What’s the difference between CBOW and Skip-gram?

Predicting context words (CBOW) or target word (skip-gram) basically.

skipgram-vscbow

Skip-gram is more expensive, but higher in performance (accuracy) than CBOW.

CBOW: several times faster to train than the skip-gram, slighly better accuracy for the frequent words.

Skip-gram: works well with small amount of the training data, represents well even rare words or phrases. (More training samples in a corpus! More lines in the visual example.)

Word2Vec: other techniques

Computing the normalization factor is expensive: the softmax as activation function.
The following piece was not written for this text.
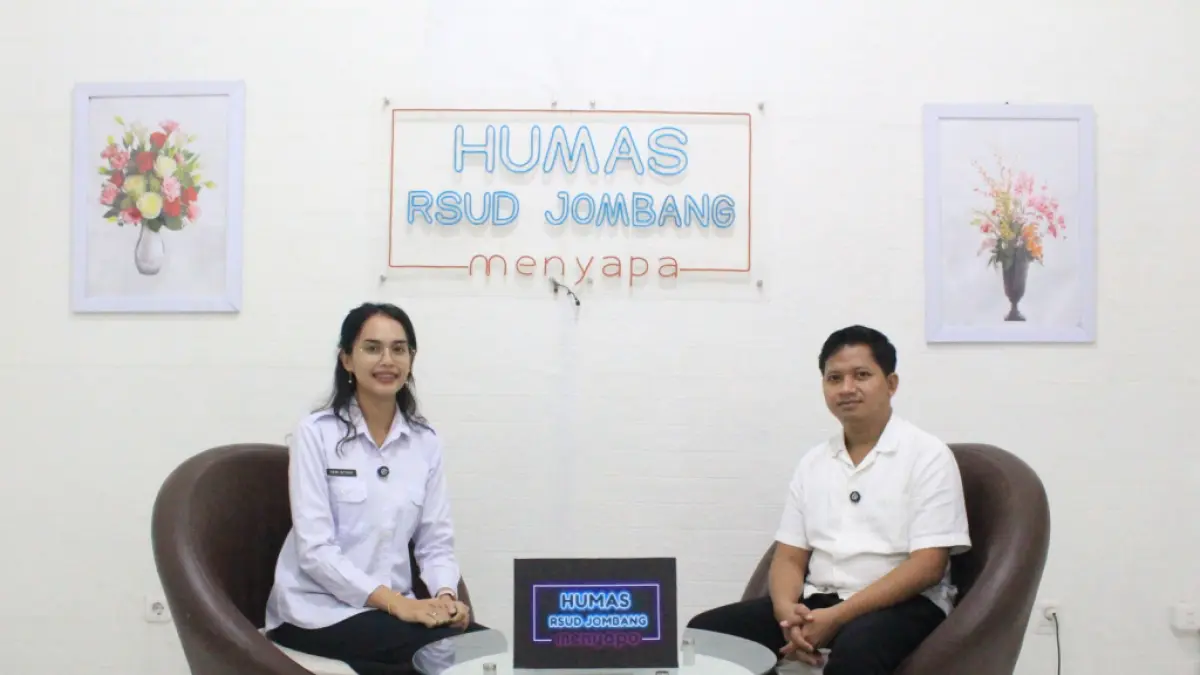 EDUKASI: Dokter Spesialis Radiologi RSUD Jombang dr. Ikhsan Nugroho (kanan) saat kegiatan sosialisasi.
So they address this softmax cost issue by

  1. Hierarchical Softmax
  2. Negative Sampling

Look for the paper in Word2Vec paper for details.

Wrap up

  1. Word embeddings: distributed representation of words.
  2. Typically V > 10^6, 100 < d < 500!
  3. One-hot vector -> feature vector
  4. Fighting the curse of dimensionality with: compression (dimensionality reduction), smoothing (discrete to continuous), and densificaiton (sparse to dense)
  5. Similar words end up close to each other in the feature space (contextual)

Word2Vec may be little hard, so as any other subject in deep learning. But note that AI studies pay off. Once you study something in AI and see the intuition behind it, you don’t easily forget them.

Teach yourself, ask a lot of questions to yourself/others. Clear understanding is the key, as they are accumulative.